On the whole, the answer is no. Realistically they will deliver a similar clean and only under lab like conditions might a difference be noticed.
Technically speaking the motor in the Pro 3000 does deliver a little more power to the brush head for more oscillations and rotations per minute, but you and I would struggle to notice this or see any differences.
For some, particularly those with sensitive teeth and gums, will see greater benefit from the Pro 3000 compared to the Pro 1000 which does not offer these modes.
However for the general population that do not suffer with increased sensitivity the clean will be comparable with a more efficient clean than any manual brush.
The provision of a 3D White brush head with the Pro 3000 would suggest that it can make your teeth whiter and yes, in some circumstances it will do so.
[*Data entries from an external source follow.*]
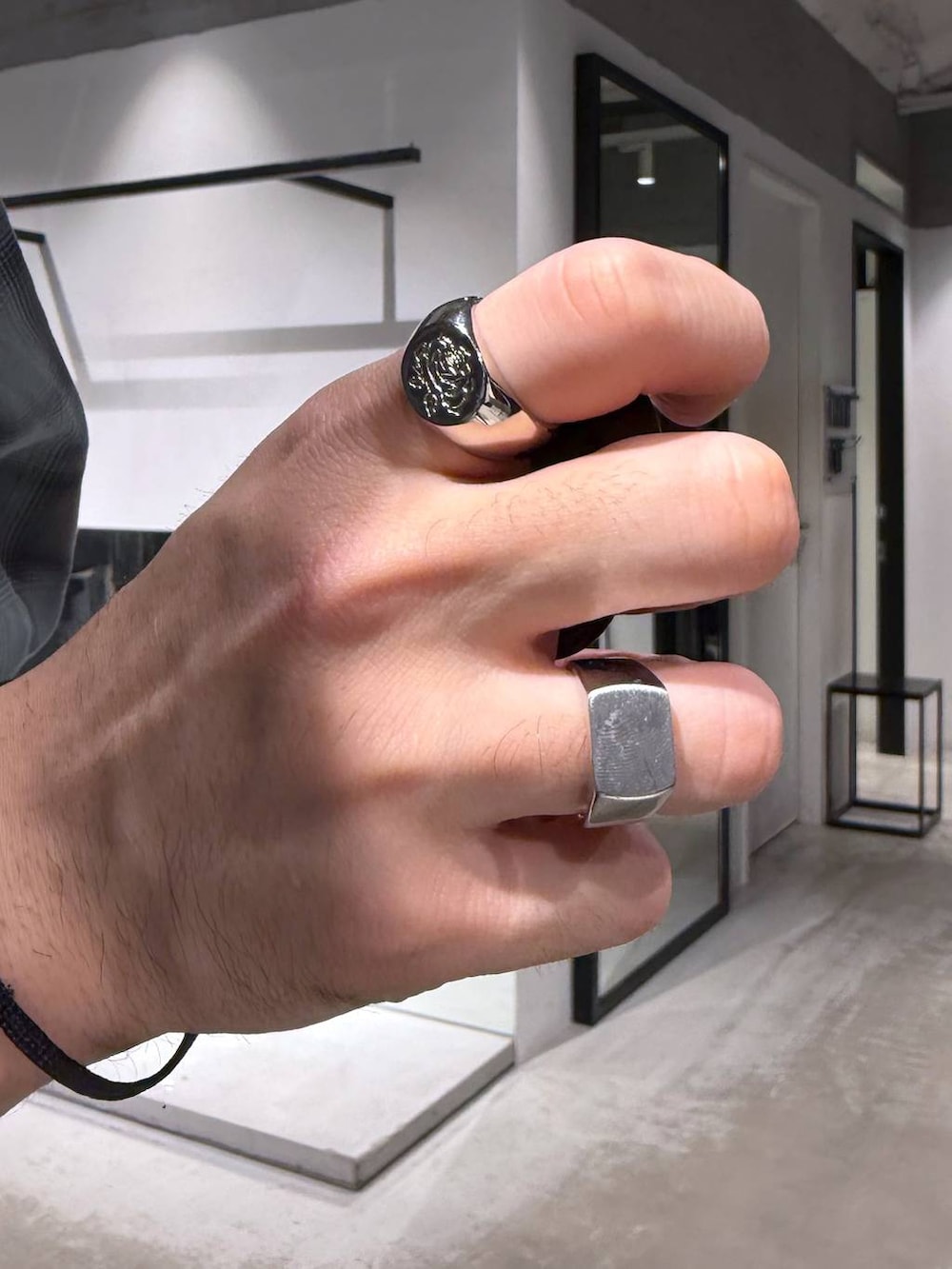 ブラック系のスニーカー、ブルー系のブルゾン、ブラウン系のカーゴパンツを着用したメンズの春コーディネートの6枚目の写真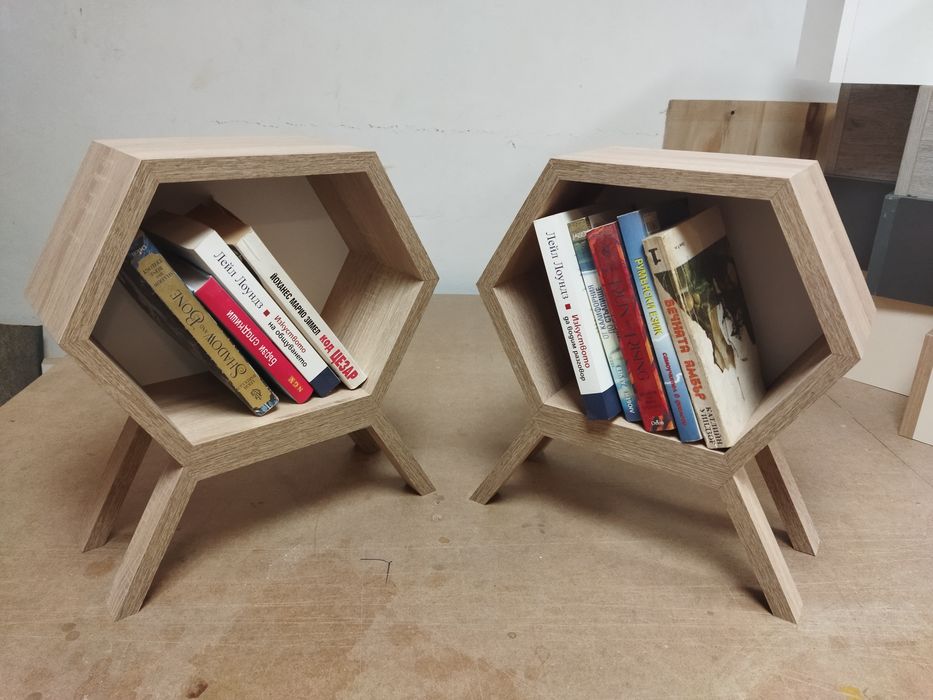 Нощно шкафче,масичка, библиотека,етажерка,холна маса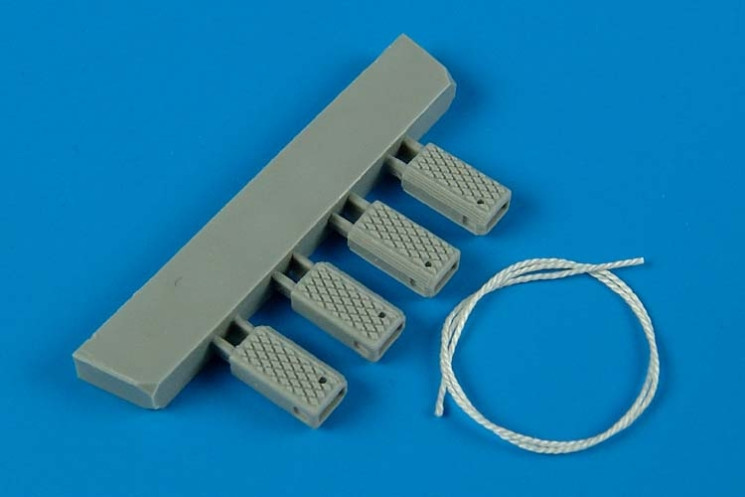 148006  Universal Navy Wheel Chock with Nylon Rope - late production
The specialist rubber polishing cup helps deliver a process similar to that received from your dentist.
However, the brush head is interchangeable and you could use purchase the brush head and use on the 1000 and get similar results.
The Pro 3000 does not offer a whitening mode that gives any further advantage to the 3D White brush head.
An electric toothbrush will ensure a more regular and balanced clean across the teeth and mouth than manual brushing and the smaller round brush heads from Oral-B help get deep into the mouth whilst cleaning effectively.
Is one better priced than the other?
Yes, generally speaking, the Pro 1000 will be quite a lot cheaper than the Pro 3000.
At the time of writing there is just under $30 difference and I would expect this to remain such unless there is a particular promotion on.
If the Pro 3000 was available at $55 it would be a good buy compared to the $40 of the 1000. However, for many, the additional $30 is difficult to justify.
We have reviewed each brush in depth (links at the end of this post) and at the time of writing they worked out at $0.10 and $0.13 per day to own, over the course of 3 years based on one user.
Prices are always changing with different sellers and even Oral-B putting on offers; so really it is about finding the best price available when you come to buy and paying the price you are happy with.
All things considered, the 1000 is still my preference.
Please note that all prices quoted are approximates and will vary based on location, supplier and time of purchase. These figures were correct at the time of writing and should not be relied upon as hard fact, but used as a guide during your decision process.
Unless you want or need extra features, then you should opt for the Pro 1000.
It is a simple, no-nonsense get the job done toothbrush that will remove more plaque and leave your teeth and mouth feeling fresh and clean.
Either brush has a slim profile, the same battery life, and a 2 year warranty.
The Pro 3000 is more appealing for those who have sensitive teeth and gums and want a better box contents that is offered by the inclusion of a brush head storage compartment.
Both could have better battery life, seeing as Philips Sonicare brushes boast a battery life that is at least double that of the Pro series.
It would be nice if both came with a travel case.
The pressure sensor is certainly a benefit in the early stages of getting used to an electric toothbrush.
I love the idea of the Bluetooth connectivity that the Pro 3000 offers, but for many getting into the habit of using the app and taking advantage of its features will be difficult.
The Pro 3000 is better equipped but in all reality, unless you desire the different cleaning modes it is difficult to justify the extra spend.
Ultimately, whatever brush you decide upon, it is you who needs to make the decision; but do so based on which is best for your needs or the end user, if you are purchasing on behalf of somebody else.
Only pay the price you are happy with and do not be led into buying something if it is not right.
Hopefully, I have presented the facts and made the whole decision process that little bit easier.